Da que pensar el hecho de que todos estos centros culturales acabaron ocupando exactamente los mismos lugares e incluso edificios que, desde al menos el siglo xvi, constituyeron la malla de centros religiosos, asistenciales, penitenciarios o de control de la pobreza y la marginación. Alguien se podrá preguntar hasta qué punto las funciones de control simbólico y cultural de la población urbana que, en su momento, tuvieron centros como la Casa de la Misericòrdia o la de Les Penedides, no cumplen hoy una función parecida: redimir el lugar, expulsar a los demonios, someter al mal. Dos años después de la inauguración de la nueva sede de la Filmoteca Nacional, se ha completado esta sustitución simbólica –pero efectiva– situando «la guinda del pastel» cultural de la remodelación urbanística del Raval erigiéndola donde se encarceló, torturó y mató a féminas poco o nada arrepentidas: la Casa Galera o antigua penitenciaría de mujeres.

Los «templos expiatorios» de la cultura nunca han sido pensados para uso de sus vecinos tradicionales; lo más, para su redención.

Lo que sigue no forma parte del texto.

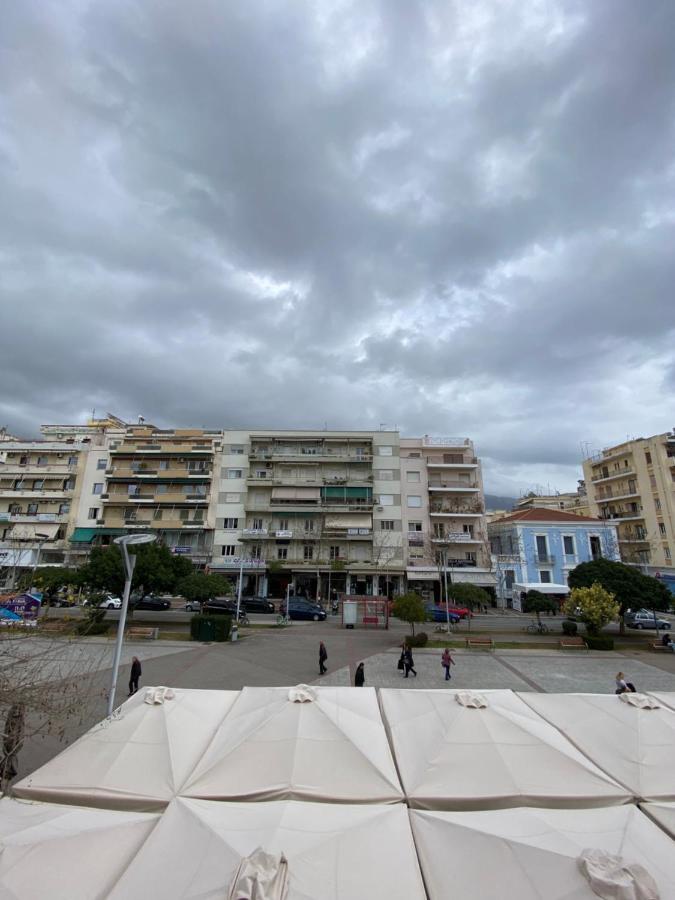 On The Square Studio Kalamata Exterior photo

Y los otros templos, los de la carne, también han servido a estos biempensantes visitantes del barrio. Lugar siempre al servicio de otros, siempre desatendido y siempre objeto de infinidad de intervenciones al servicio de la ciudad y contra la mayoría de sus pobladores. Ya lo dijeron dos ilustres vecinos del Raval –Vázquez Montalbán y Benet i Jornet–, que criticaron este menosprecio ingenuo cuando no ignorante. Arremeterán contra la expulsión de moradores y de sus prácticas culturales antagonistas a una impuesta Barcelona impostada, inmaculada y dispuesta a la explotación salvaje por parte de touroperators y grandes especuladores internacionales.

A principios de siglo xxi, el plan de control de la calle y la promoción del lugar para atraer a las llamadas clases creativas prosiguió con el manifiesto plan municipal, el Raval Cultural. Éste pretendía «proyectar una nueva mirada sobre el Raval» para «poner en valor las iniciativas que ha convertido el Raval en el barrio cultural por excelencia». Se olvidaba la preocupante afirmación del responsable de empresa mixta público privada que «remodeló» el Raval, Martí Abella. Poco antes de la demolición de la llamada Illa Sant Ramon, éste lamentó: «allí vivía mucha gente muy normal». Qué obvia y sencilla verdad se tuvo que aplastar para llevar a cabo tales expiaciones y especulaciones contra uno de los barrios más densos y vitales de Europa. Allí habrá siempre cultura. Una cultura entendida como celebración pero también como respuesta a todo tipo de maltratos y agravios, a la expulsión, encarcelamiento o persecución de sus gentes –como ocurre diariamente desde tiempos inmemoriales y hasta nuestros días, por ejemplo contra los llamados «inmigrantes irregulares» o las trabajadoras del sexo.

 

Pero la vida se escapa por todas partes en el ingobernable Raval. Las muestras de desacato se expresan por doquier denunciando el menosprecio y reclamando, a grito pelado, que allí la cultura de las gentes corrientes, de nosotras, de todos se expresa en el amor a la libertad, la solidaridad y la resistencia a cualquier tipo de autoridad inepta e indecente.